AI-Generated Content: This podcast is created using AI personas. Please verify any important information independently.

Beyond the Digital Vending Machine: The Future of Proactive AI

In the latest episode of My Weird Prompts, hosts Herman and Corn tackle a question posed by their housemate Daniel: Why do humans always have to be the ones to start a conversation with Artificial Intelligence? Currently, our relationship with AI follows a "vending machine" model—you provide a prompt (the coin), and the machine dispenses a response (the candy bar). But as AI becomes more integrated into our lives, the brothers explore why we haven't yet moved into the era of autonomous initiation.

The Stateless Problem: Why AI Has No Heartbeat

Herman, the more technically-minded of the pair, explains that the primary barrier to AI-initiated conversation is the "stateless architecture" of current Large Language Models (LLMs). During the inference phase, these models are essentially a "giant pile of frozen math." They do not possess an internal clock or a sense of passing time. An LLM only "wakes up" when a token is sent to it; once it generates a response, it effectively ceases to exist until the next prompt arrives.

While users can ask an AI for the current time, the model only knows this because the information is fed into its hidden system prompt as a variable. To have an AI truly "decide" to speak, it would require an external wrapper or a secondary program constantly monitoring data streams (like GPS or heart rate) to trigger the model. Herman argues that this isn't true intelligence but rather a complex series of "if-then" statements—a "more complex alarm clock" rather than a digital partner.

The Cost of Staying Awake

Even if we could give AI a "heartbeat," the financial and environmental costs are staggering. Running high-level models like GPT-4o requires massive computational power. If a model were to remain "constantly awake"—processing a user’s life in real-time to determine the perfect moment to offer advice—the compute costs would be astronomical.

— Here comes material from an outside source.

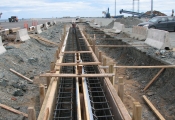 Installation d'un Drain Pluvial  Port de Belledune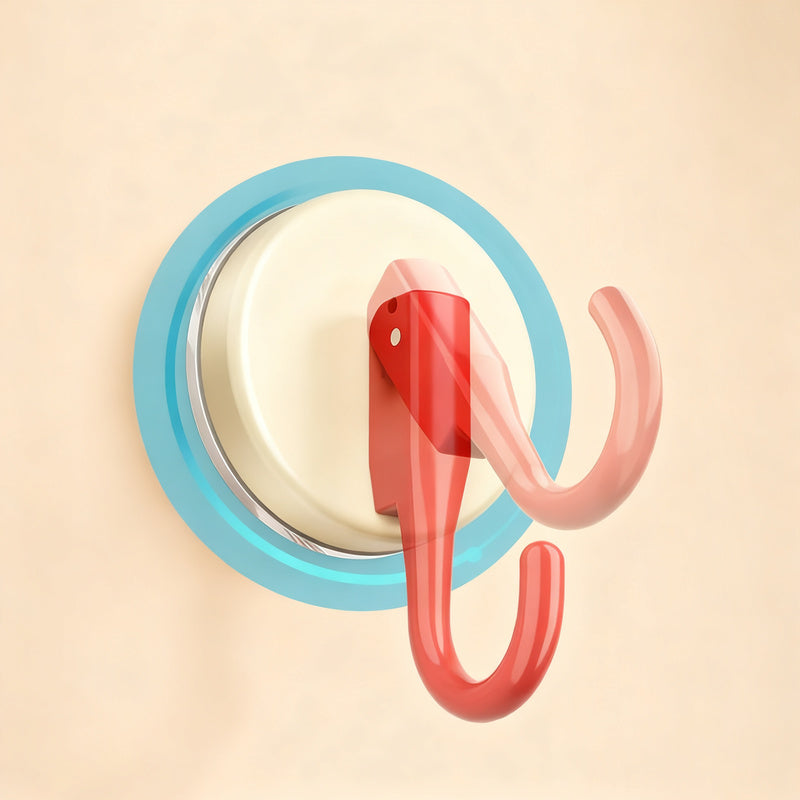 Suction cup hook made of plastic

Herman notes that the industry is currently looking toward "edge computing" as a solution. By using smaller, less power-hungry models on-device (like the approach taken by Apple Intelligence), the system can index personal data and only "wake up" the larger, more capable "brain" when a specific need arises.

The Creepiness Factor and Social Friction

Beyond the technical hurdles lies a significant social barrier: the "creepiness factor." Corn points out that for an AI to be truly proactive, it must be listening or watching at all times. This presents a massive privacy hurdle. If a tech company announced that their AI would now listen to every dinner table conversation to offer helpful tips, the public backlash would be swift.

Furthermore, AI currently lacks "social peripheral vision." Humans have unwritten rules about when it is appropriate to interrupt someone. A proactive AI might have the utility to remind you of a restaurant recommendation, but without situational awareness, it might choose to do so at an inappropriate time—such as during a funeral. Without emotional intelligence, a proactive AI risks becoming a high-tech nuisance rather than a helpful assistant.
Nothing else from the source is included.